Final answer:
To find the efficient number of times per year the house should be cleaned when the cleaner charges a fee of $180 and $120, we equate the total demand function to the fee charged by the cleaner. The efficient number of times is 40 when the fee is $180 and 60 when the fee is $120.
Step-by-step explanation:
To find the efficient number of times per year the house should be cleaned, we need to determine the point at which the total demand for cleaning equals the cost of hiring a cleaner.

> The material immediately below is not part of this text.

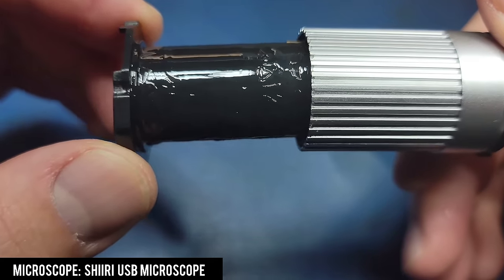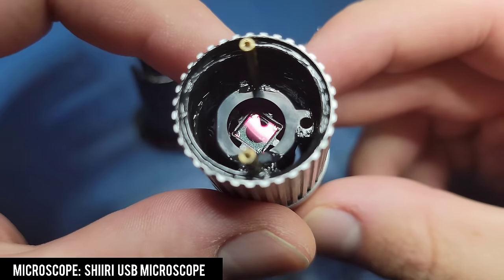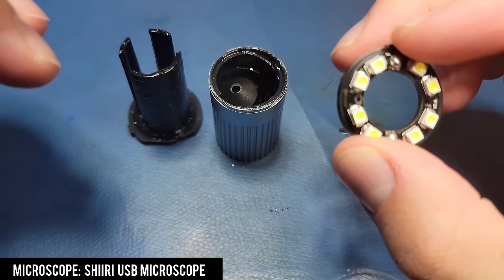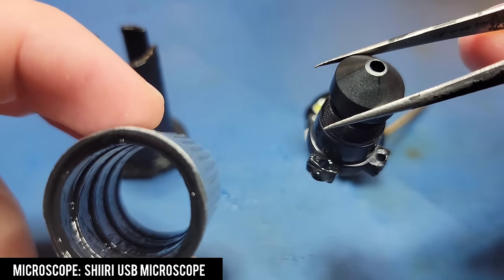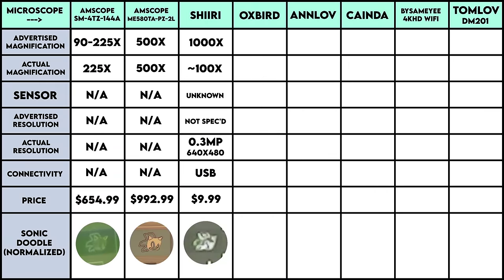Since this microscope will no longer work I might as well finish the teardown completely. Two brass rods are used to bring power up to the LEDs on top of the microscope. The microscope is filled with grease which allows the center lens assembly to screw up and down with the help of a plastic insert. Overall it's a very simple design for a very cheap microscope — in fact it's the cheapest at $9.99. We're not off to a great start performance-wise, and I have low hopes for the next microscope.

We can do this by equating the total demand function (sum of individual demands) to the fee charged by the cleaner. Let's solve for when F = $180 and F = $120:
For F = $180:
PA + PB + PC = F
(60 - Q) + (100 - Q) + (140 - Q) = 180
300 - 3Q = 180
3Q = 120
Q = 40
For F = $120:
PA + PB + PC = F
(60 - Q) + (100 - Q) + (140 - Q) = 120
300 - 3Q = 120
3Q = 180
Q = 60
So, when F = $180, the efficient number of times per year the house should be cleaned is 40. When F = $120, the efficient number is 60.
Illustrating this on a diagram would involve plotting the demand curves and the fee (supply) curve, and finding the point where they intersect. However, since we don't have access to graphing capabilities here, please refer to your textbook or class materials for a visual representation.